I have a sneaking suspicion that once we venture into agility we may not make it out.


----------



## MaggieRoseLee

VomBlack said:


> We did a beginner obedience class back in February, and he's good with the basics and is even better off lead, I haven't had any issues with his recall. His leash manners as full as pulling though i'll admit are lacking. What are some obedience "must haves" for starting agility?
> 
> 
> I have a sneaking suspicion that once we venture into agility we may not make it out.


The main things needed for agility as far as obedience is a 'sit' a 'down' and a 'wait' (along with some attention and off leash ability to stick with owner/handler). Look for agility classes right now, and then find out if there are any prerequisites.

What I LOVE about agility (well, one of the things I love about agility) is that you don't need a 'perfect' sit/down/stay . Nothing is precise and regimented. You don't WANT your dog in heel position, they are on the right, and the left and ahead and behind! 

SOCIALIZATION and comfort in any/all situations is definitely something to work for. This is what ALL agility people do with their second puppy, they take them to agility trials for the fun fun fun and the crazy





 
It's best if you find agility classes that have the instructor who goes to agility trials. That way they don't treat class like just a bunch of random equipment that you just want to get your pup thru willy nilly cause it doesn't matter. When instead the actual equipment and how it is performed by our pups is the easy part, it's OUR PART with the handling to get them from one piece to the next in the proper order that is the challenge. 

Not that you have to go to trials (though they are a blast :wild: ) but you can start off just for fun, and if you want to trials you'll have the necessary foundation work down so it's easy to continue. Re-training mistakes and bad habits are so difficult for the dog and for us. Better to learn well in the first place.
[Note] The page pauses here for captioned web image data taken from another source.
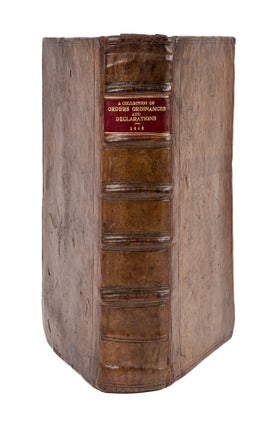 A Collection of All the Publicke Orders, Ordinances and Declarations..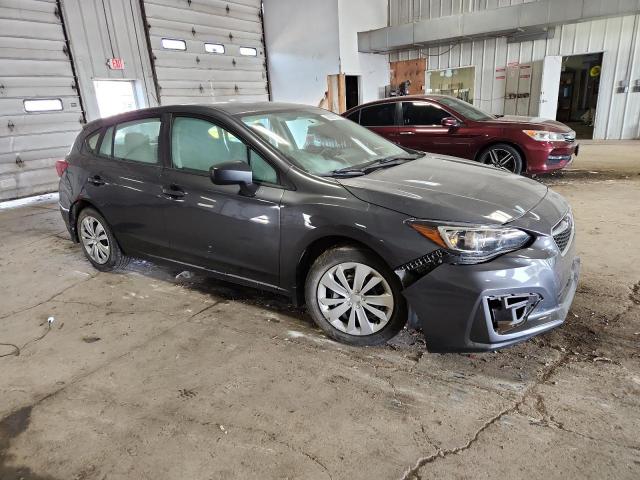 2018 SUBARU IMPREZA 4S3GTAA68J3718829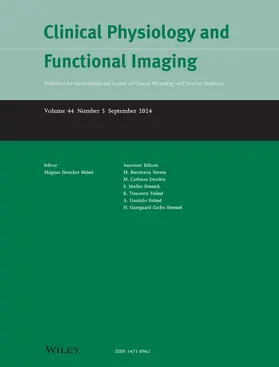  Clinical Physiology and Functional Imaging | Zeitschrift |  Sack Fachmedien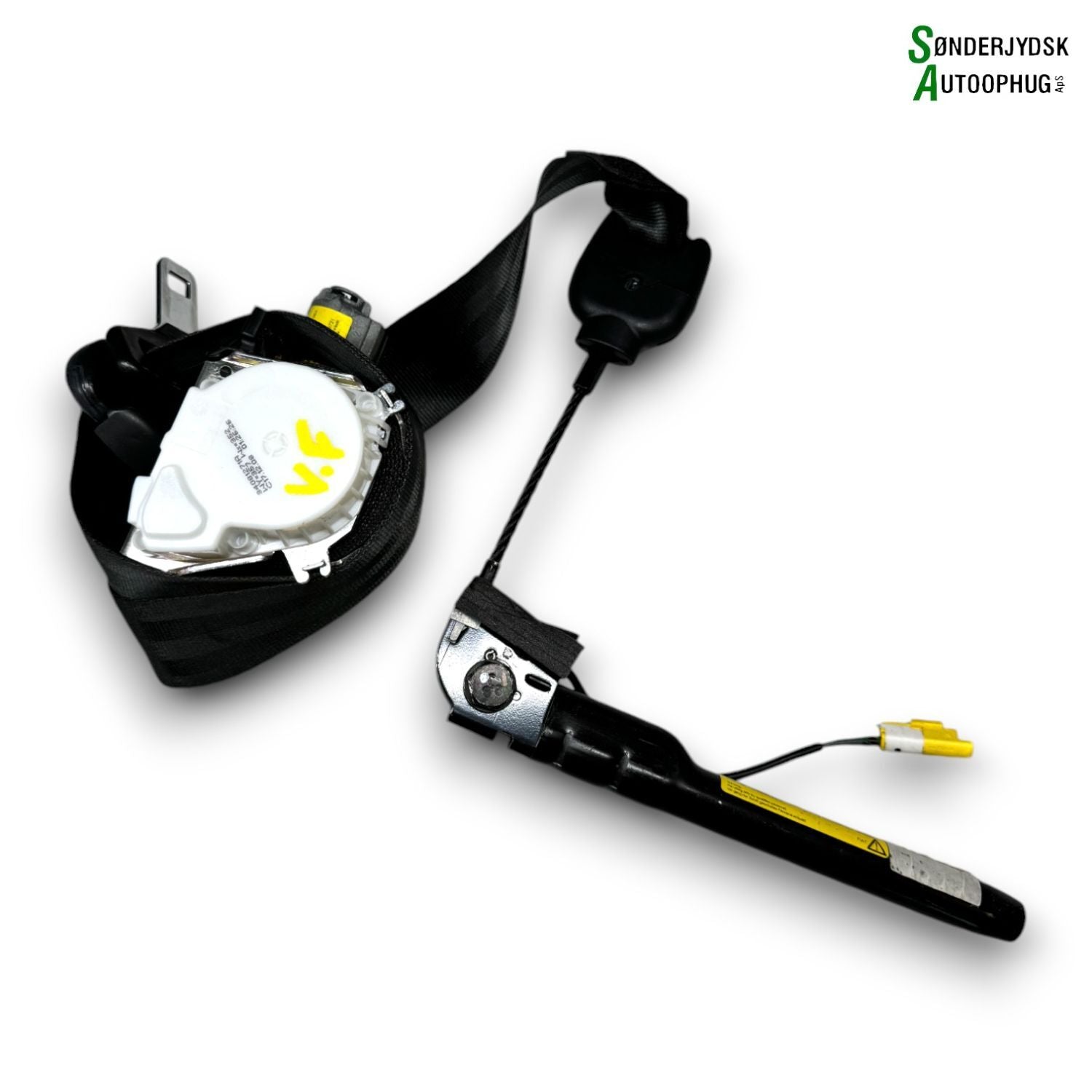 Ford Ka Sikkerhedsseler For Med OEM Nr. Ophugger Fra Ford Ophugger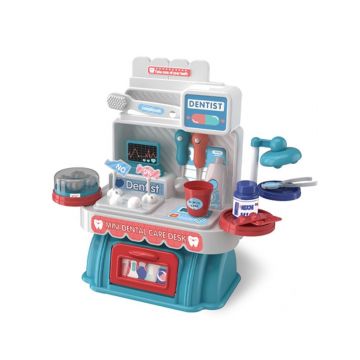 Mini cabinet stomatologic Bowa 32 piese 36x17x33 cm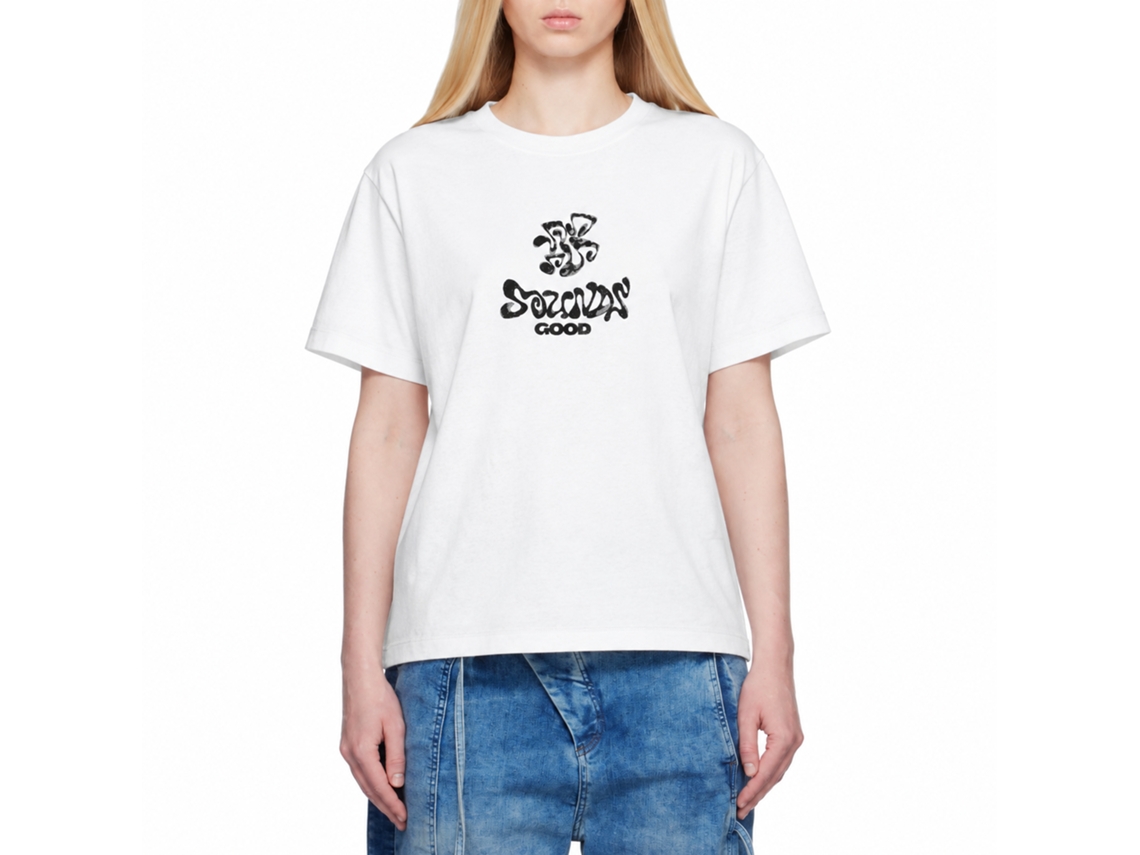 Rockinstone Still Sounds Good Anna Mills T-shirt Unique Designer Style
CLICKER TRAINING! Heck, this is my puppy at 5 months in agility class!


----------



## JeanKBBMMMAAN

Sue Fleig Canine Consulting - home

Dog Obedience Training Club of Rochester NY - Brief History of DOTCORNY

Welcome to Boomtowne A Full Service Canine Campus

Are three that I know of. 

I took classes at DOTCORNY when they were...wherever they were before! It was a lot of fun! 

I am thinking when it's cooler in the fall I might see if I could do a couple of private lessons with Rocco (dog reactive) because it seems like that Sue in the first link does that.


----------



## lylol

Yes it is addicting!!! In a good way. Am not that familiar with NY, but I searched the Clean Run site here. This is the only one that actually said Rochester, but guess you would see others that are near by.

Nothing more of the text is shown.